**Exercise directions:**
If a line comes after the one containing "Aécio Neves aparece", leave it out; copy every line before it, and that line too, exactly as written, starting from the first line of the entries.

**Data for this task:**

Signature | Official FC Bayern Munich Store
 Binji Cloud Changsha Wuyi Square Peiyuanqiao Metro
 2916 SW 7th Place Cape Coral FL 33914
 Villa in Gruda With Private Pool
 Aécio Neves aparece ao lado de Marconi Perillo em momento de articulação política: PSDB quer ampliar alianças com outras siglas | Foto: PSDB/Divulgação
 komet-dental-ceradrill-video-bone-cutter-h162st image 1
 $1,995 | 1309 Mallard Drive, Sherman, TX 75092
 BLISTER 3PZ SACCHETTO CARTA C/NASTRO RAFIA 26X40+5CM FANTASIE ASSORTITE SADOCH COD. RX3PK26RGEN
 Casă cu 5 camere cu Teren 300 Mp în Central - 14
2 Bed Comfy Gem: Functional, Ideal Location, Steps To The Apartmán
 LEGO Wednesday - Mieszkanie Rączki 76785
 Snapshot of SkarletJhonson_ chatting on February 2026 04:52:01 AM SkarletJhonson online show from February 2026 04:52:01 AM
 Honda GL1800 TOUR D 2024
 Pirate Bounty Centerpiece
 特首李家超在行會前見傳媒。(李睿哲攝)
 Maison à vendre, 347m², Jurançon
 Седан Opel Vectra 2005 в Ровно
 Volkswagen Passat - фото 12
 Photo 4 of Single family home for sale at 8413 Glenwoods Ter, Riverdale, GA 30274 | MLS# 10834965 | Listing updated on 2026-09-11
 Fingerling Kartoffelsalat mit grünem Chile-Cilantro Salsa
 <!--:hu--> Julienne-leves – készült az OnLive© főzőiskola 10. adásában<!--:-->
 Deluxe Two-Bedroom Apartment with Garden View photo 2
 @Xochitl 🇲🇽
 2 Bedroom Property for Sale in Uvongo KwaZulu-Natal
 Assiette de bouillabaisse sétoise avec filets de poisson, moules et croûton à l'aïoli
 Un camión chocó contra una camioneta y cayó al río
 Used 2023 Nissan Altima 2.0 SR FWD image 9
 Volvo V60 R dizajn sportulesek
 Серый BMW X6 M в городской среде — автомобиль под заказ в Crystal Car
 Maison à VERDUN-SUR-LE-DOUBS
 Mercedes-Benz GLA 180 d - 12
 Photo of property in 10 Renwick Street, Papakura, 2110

**Exercise solution:**
Signature | Official FC Bayern Munich Store
 Binji Cloud Changsha Wuyi Square Peiyuanqiao Metro
 2916 SW 7th Place Cape Coral FL 33914
 Villa in Gruda With Private Pool
 Aécio Neves aparece ao lado de Marconi Perillo em momento de articulação política: PSDB quer ampliar alianças com outras siglas | Foto: PSDB/Divulgação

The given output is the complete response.